Le travail, directement impliqué dans plus d’un quart des suicides

Dans un rapport publié le 3 février dernier, L’Observatoire national du suicide constatait que plus d’une pensée suicidaire sur quatre serait liée au travail. Il faisait également le lien entre suicide et précarité, affirmant que « le risque relatif de décès par suicide est plus élevé pour les personnes de catégorie socioprofessionnelle peu élevée, disposant d’un faible revenu ou d’un faible niveau d’éducation, et pour les chômeurs ».

Corinne Bernard, caissière chez Zara, s’était suicidée en décembre 2013 à l’âge de 37 ans en laissant une lettre dans laquelle elle ne mâchait pas ses mots : « Merci à Zara d’avoir gâché ma vie ». Mais peu nombreux sont les travailleurs ou leurs familles qui, comme elle, ont le courage de dénoncer la responsabilité de leur employeur dans leurs souffrances. Cela s’explique en partie par le nombre de non-lieux prononcés par la justice en faveur du patronat dans les cas de plaintes pour harcèlement ou souffrances au travail.
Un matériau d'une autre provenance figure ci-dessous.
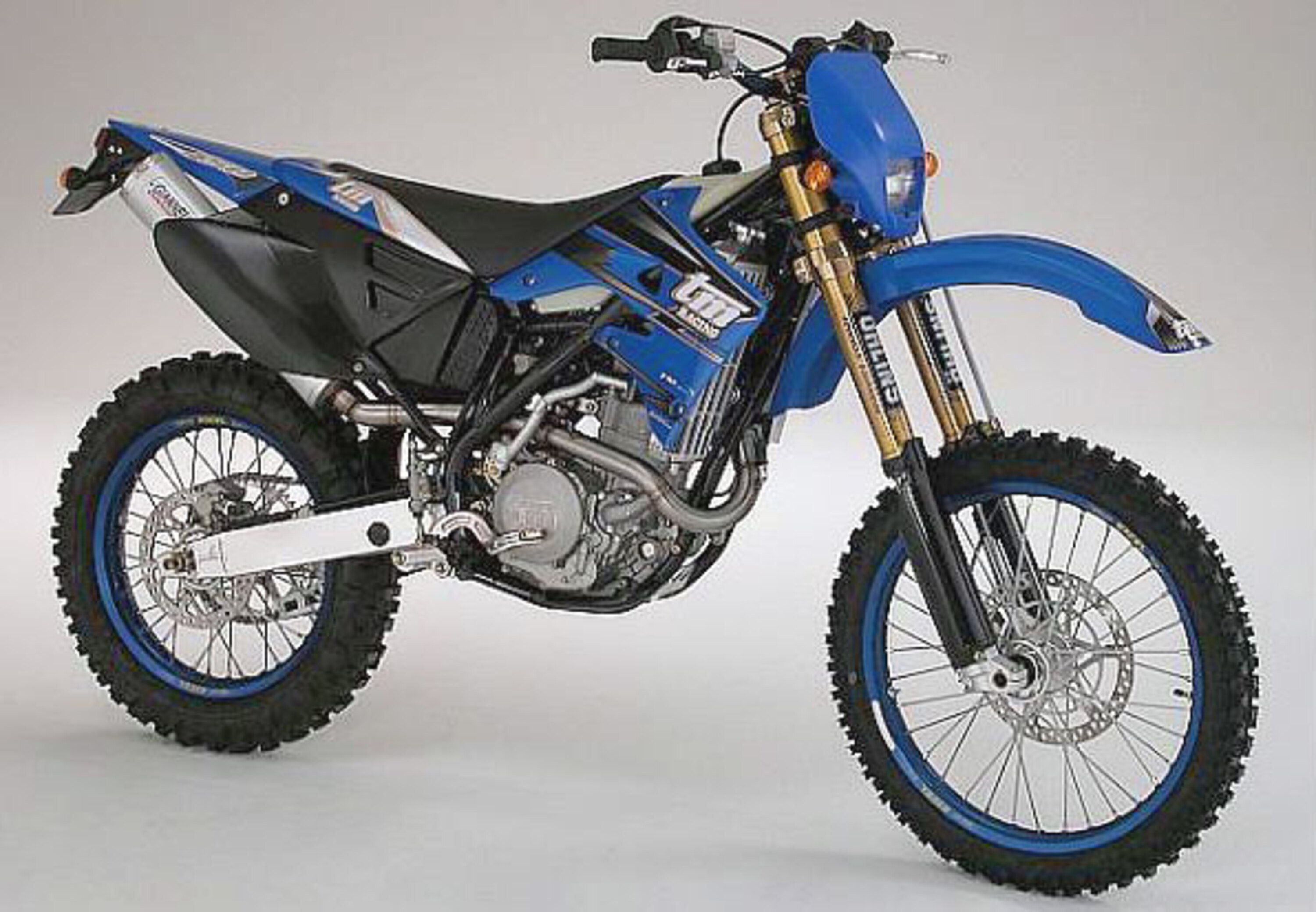 Tm Moto EN 450 F EN 450 F ES (2003 - 04)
Pourtant, chaque fois qu’un frère ou une sœur de classe finit par se convaincre que la vie ne vaut plus le coup d’être vécue, nous devons nous saisir de ce drame pour qu’en sa mémoire, et en la mémoire de toutes les victimes de ce système d’exploitation et d’oppression, nous unissions nos forces, pour lutter contre les atteintes à nos conditions de travail et pour nous battre pour une société plus juste et émancipatrice.